Green importer Mighty Peace is making positive social change through Congolese coffee; learn more about this region on Instagram Live.
BY KATRINA YENTCH
BARISTA MAGAZINE ONLINE
Photos courtesy of Mighty Peace Coffee
Lately, we’ve witnessed many longtime coffee-growing countries enter the realm of specialty production—including Indonesia, Haiti, and Venezuela—for coffee’s economy-strengthening capabilities. Another emerging coffee country is the Democratic Republic of Congo, a region whose coffees have been difficult to find in cafés. On behalf of Mighty Peace Coffee, U.S. Brewers Cup competitor, judge, and roaster Blair Smith is sharing the stories behind Congolese coffees through a brewing demo tomorrow on Instagram Live.
Meet Mighty Peace Coffee
Mighty Peace is a green importer whose mission is to make positive change through the sales of specialty Congolese coffee. Working on behalf of the Congolese international peace movement, the business aims to improve the living conditions of those in the Congo, a region of Africa with a history of conflict (primarily over mineral trading) and poverty. As climate change makes it difficult to grow coffee in regions like Ethiopia and Kenya, coffees from the Congo have the ability to bring another supply of African-grown beans to roasters.
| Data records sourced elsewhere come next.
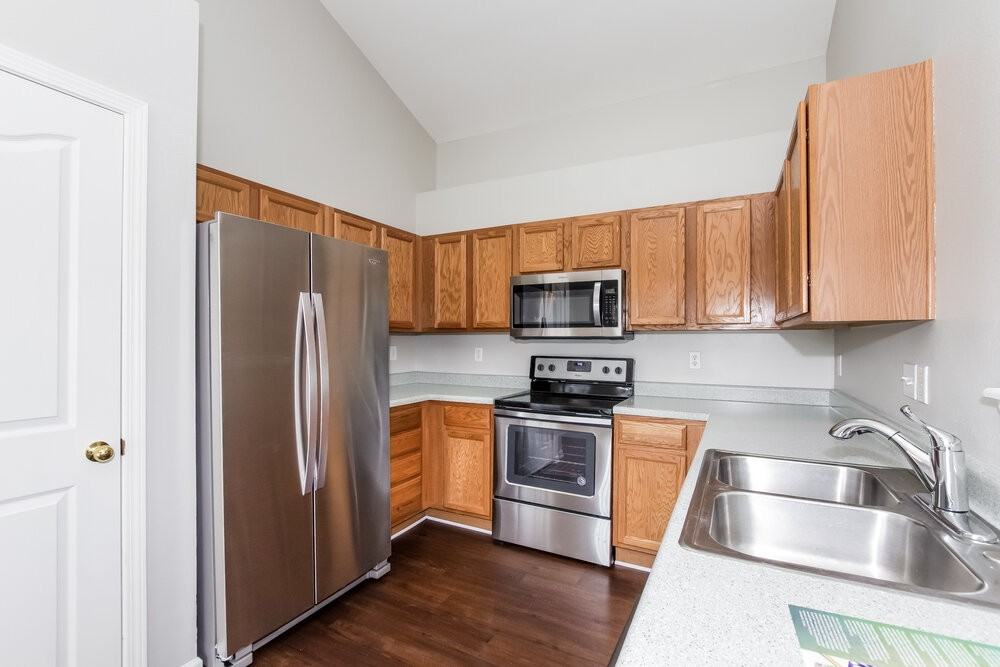 10120 Green Hedge Ave - Photo 7 of 15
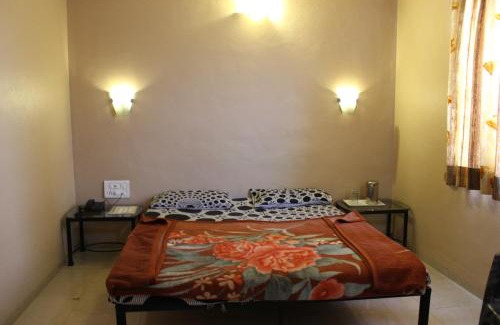 Mahabaleshwar Bed & Breakfast | Hotel Vyankatesh & Pure Veg Restaurant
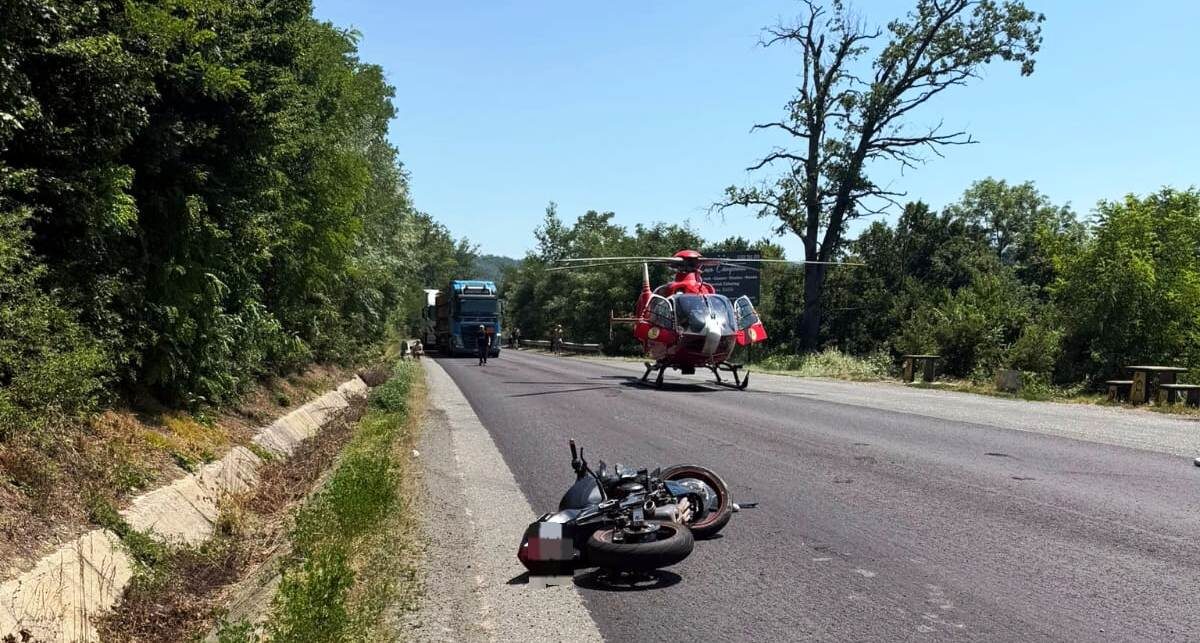 Motociclist de 20 de ani, transportat cu elicopterul SMURD după un grav accident pe DN 1C Baia Mare – Dej.foto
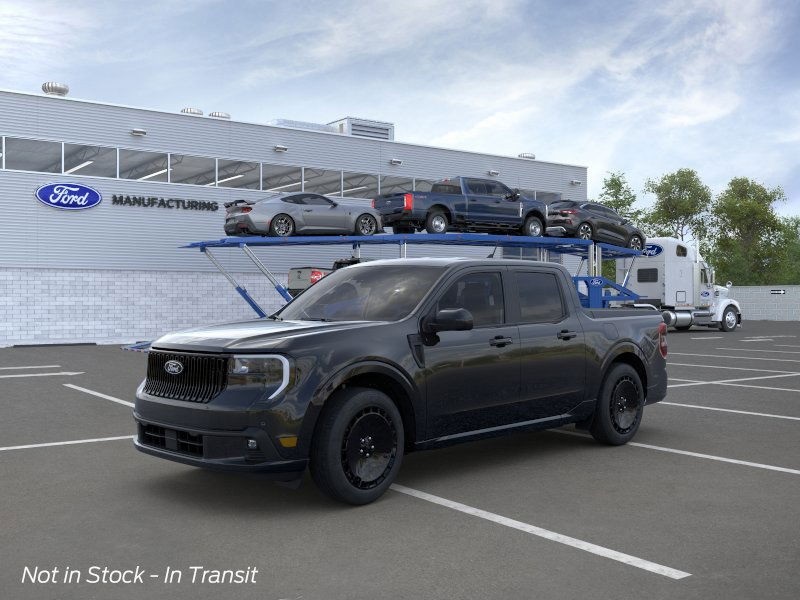 2025 Ford Maverick photo 2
Blair, who currently works in green sales for Mighty Peace, is excited to share coffees sourced by the importer. “When I first connected with Mighty Peace, I really connected with their values, and what they were trying to accomplish,“ she explains. “… Working with one origin also gave me the ability to tell a unique story that was focused, while highlighting the tremendous improvements to the coffee quality.“
Umoja and Mapendo Women
Blair will be brewing two Congolese coffees for the digital event, which is just a small sample of the many high-quality coffees that other partnering roasters have been scoring at 85+ points lately. The first coffee is a SL34 variety called Umoja, Swahili for “solidarity,“ grown at 1,480-2,000 meters above sea level. It grows in South Kivu, a region that has experienced coffee smuggling in the past, and is grown by cooperatives that make up over 11,600 members.
The second coffee is also a SL34 called Mapendo Women (Mapendo for “love“), which grows at the same elevation as Umoja and is farmed in 16 separate lots by 4,200 producers. A large percentage of those producers are women, and according to Blair, many are widowed because of conflict that has disrupted parts of the Congo. As a result, gender justice is a priority of the region.
Learning More About Congolese Coffee
Blair is excited to share more about what makes these Congolese coffees so special, what the year ahead looks like for Mighty Peace coffee, and simply more about the coffee-growing climate in the DRC in general. “My biggest hurdle is honestly that these coffees have really never been talked about enough,“ she explains. “People have almost no idea what Congolese coffees taste like, or really that it could be such a strong growing region in Africa.“
Blair considers this event and others like it to be an opportunity to change the narrative of coffee buying. While at times buyers are considering purchases based on deals and interesting experimental processes, she hopes that there can be even more purchasing based on coffees that are making the biggest social impact.